What are the lines below, starting at the line containing "Army Wife Performance Fleece Hoodie" and ending at the line containing "GYYHY328923光遇账号详情图4 GYYHY328923光遇账号详情图4"? Write them out exactly, ends included, without pictures.
[The records Boundary: Start]
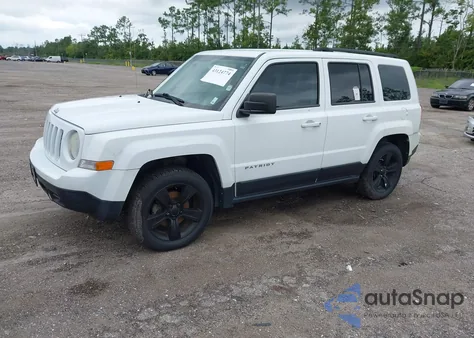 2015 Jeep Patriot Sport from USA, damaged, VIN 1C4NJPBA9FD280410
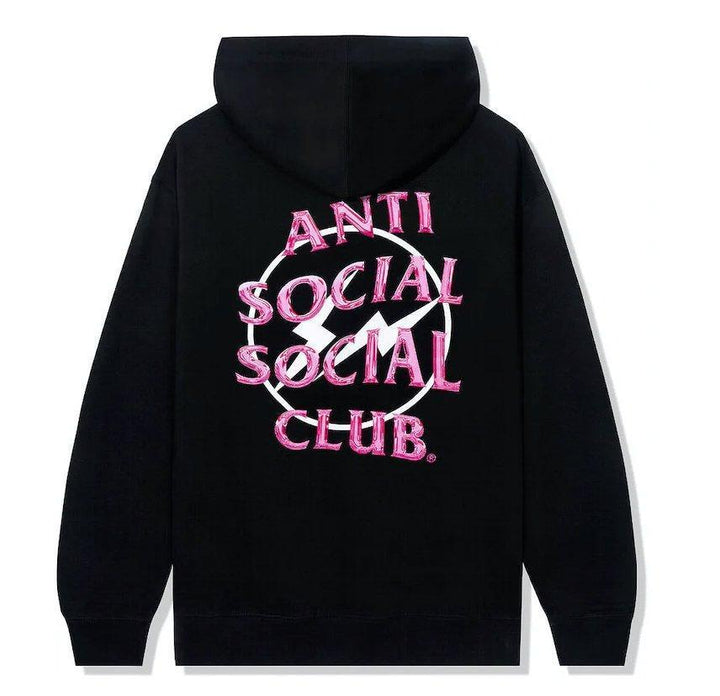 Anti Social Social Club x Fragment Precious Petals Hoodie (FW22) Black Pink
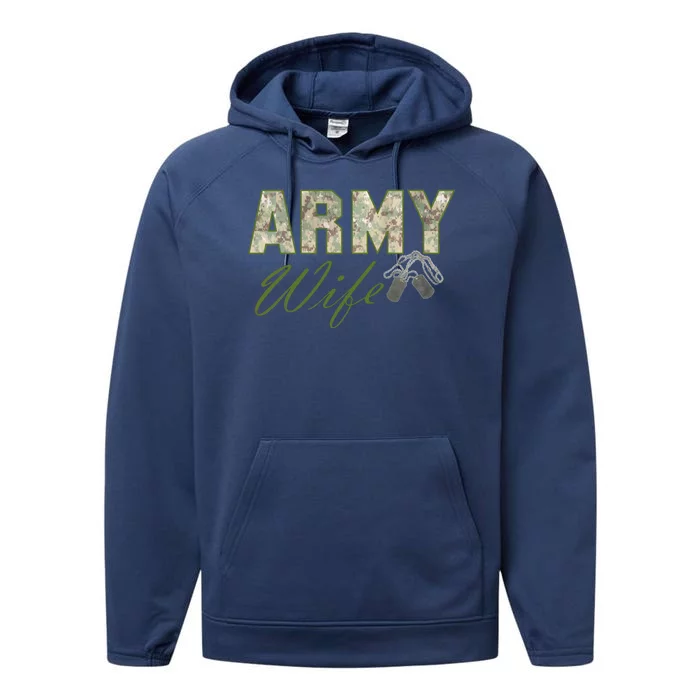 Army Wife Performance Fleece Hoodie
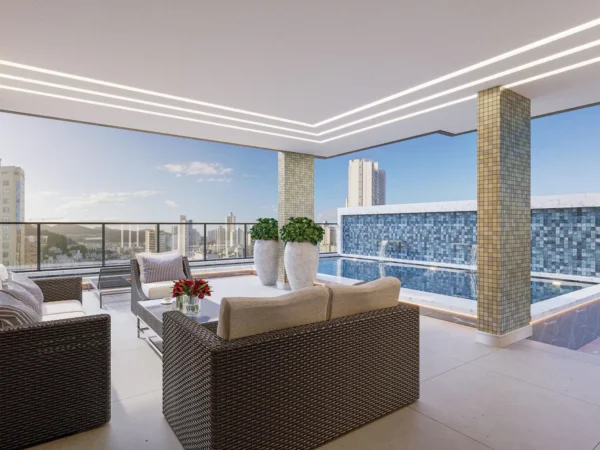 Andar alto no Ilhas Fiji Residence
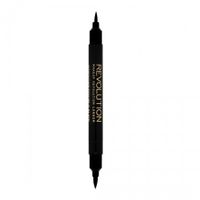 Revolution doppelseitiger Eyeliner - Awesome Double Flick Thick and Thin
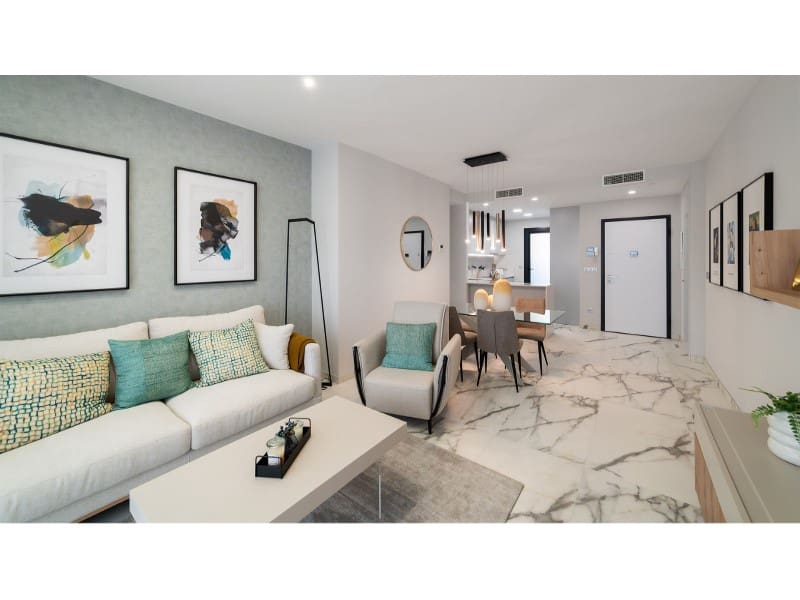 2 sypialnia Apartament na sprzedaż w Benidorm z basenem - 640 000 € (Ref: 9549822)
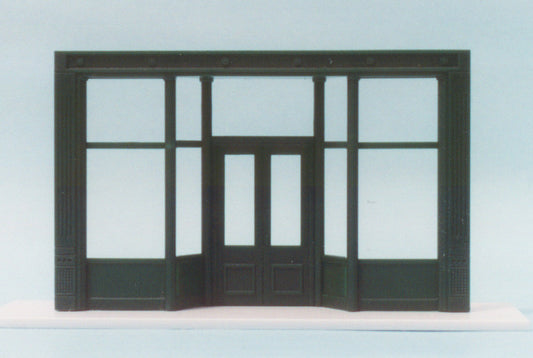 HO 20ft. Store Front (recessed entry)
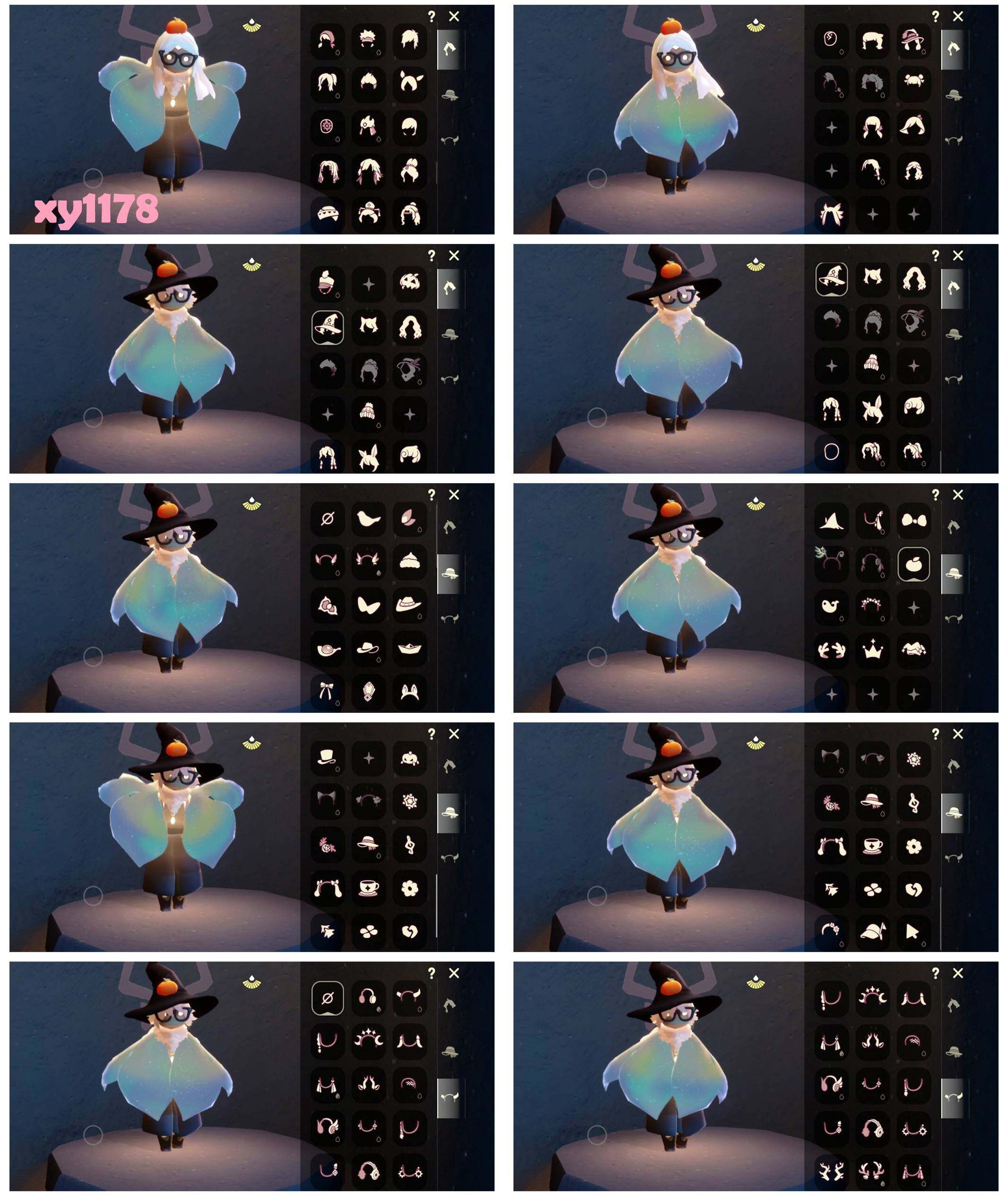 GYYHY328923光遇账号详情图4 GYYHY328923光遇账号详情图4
[The records Boundary: End]
[The records Boundary: Start]
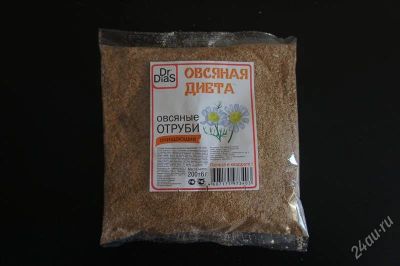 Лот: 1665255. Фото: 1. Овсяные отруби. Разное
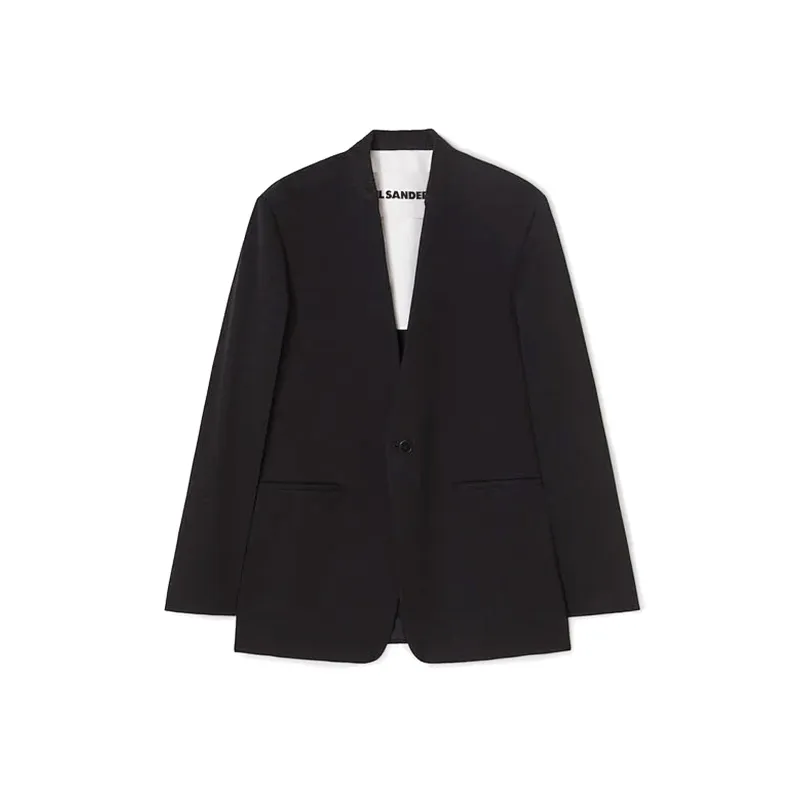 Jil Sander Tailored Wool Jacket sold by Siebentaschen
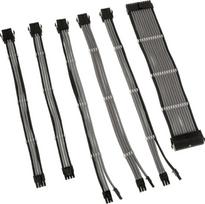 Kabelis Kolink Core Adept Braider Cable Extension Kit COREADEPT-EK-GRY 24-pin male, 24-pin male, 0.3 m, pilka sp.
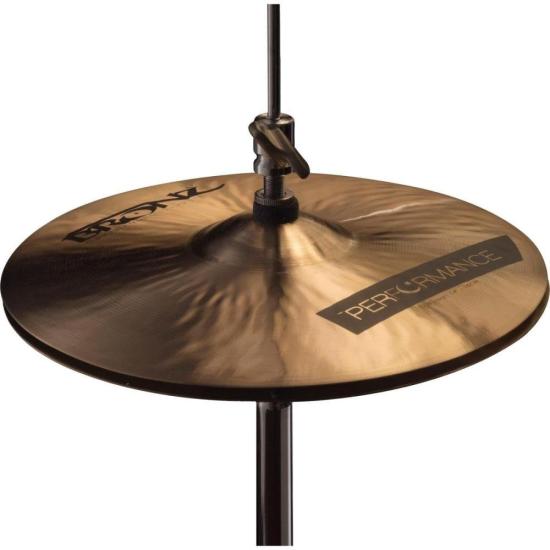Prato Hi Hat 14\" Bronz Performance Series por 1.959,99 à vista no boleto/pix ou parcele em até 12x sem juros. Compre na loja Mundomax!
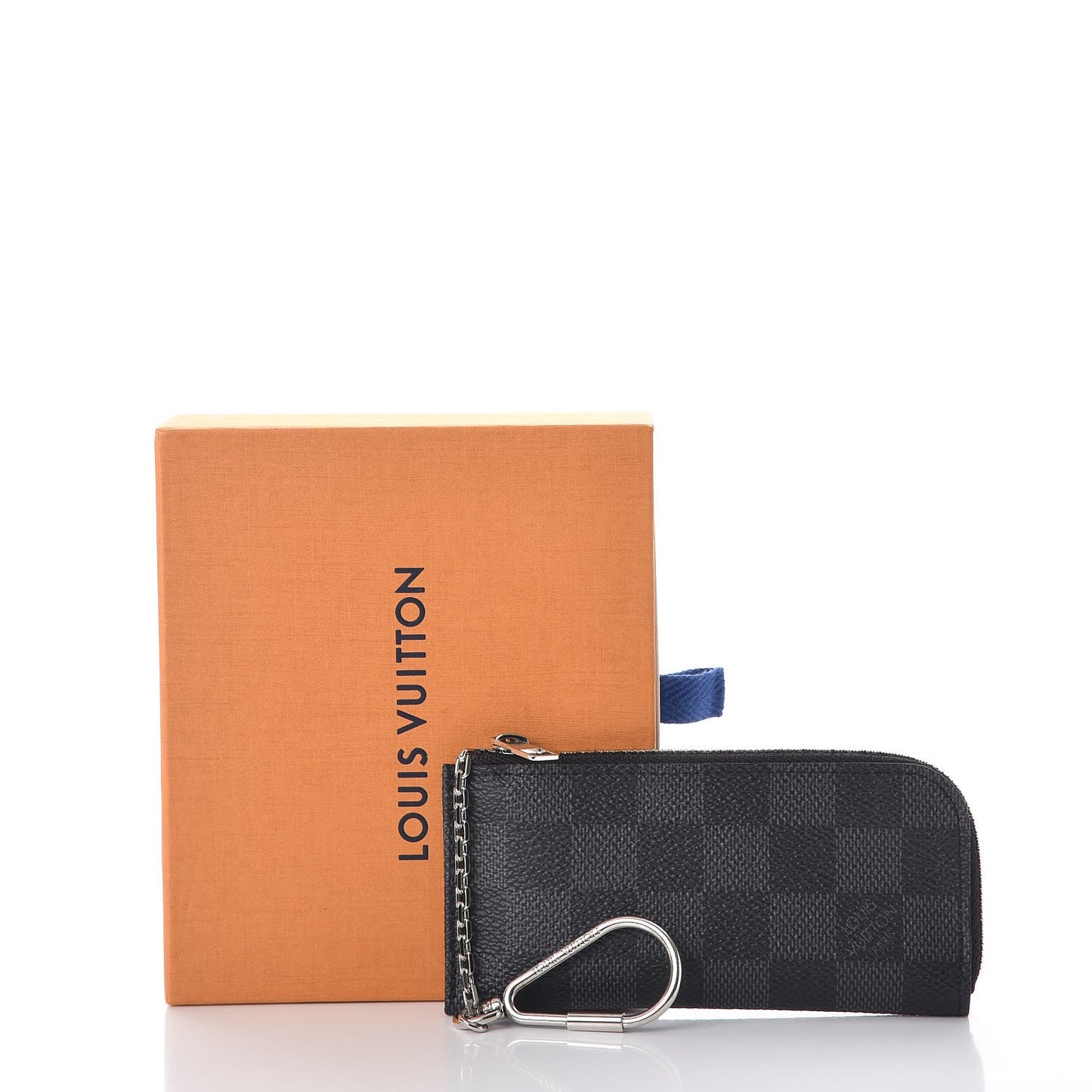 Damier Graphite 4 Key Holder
[The records Boundary: End]
» Your response:
 Army Wife Performance Fleece Hoodie
 Andar alto no Ilhas Fiji Residence
 Revolution doppelseitiger Eyeliner - Awesome Double Flick Thick and Thin
 2 sypialnia Apartament na sprzedaż w Benidorm z basenem - 640 000 € (Ref: 9549822)
 HO 20ft. Store Front (recessed entry)
 GYYHY328923光遇账号详情图4 GYYHY328923光遇账号详情图4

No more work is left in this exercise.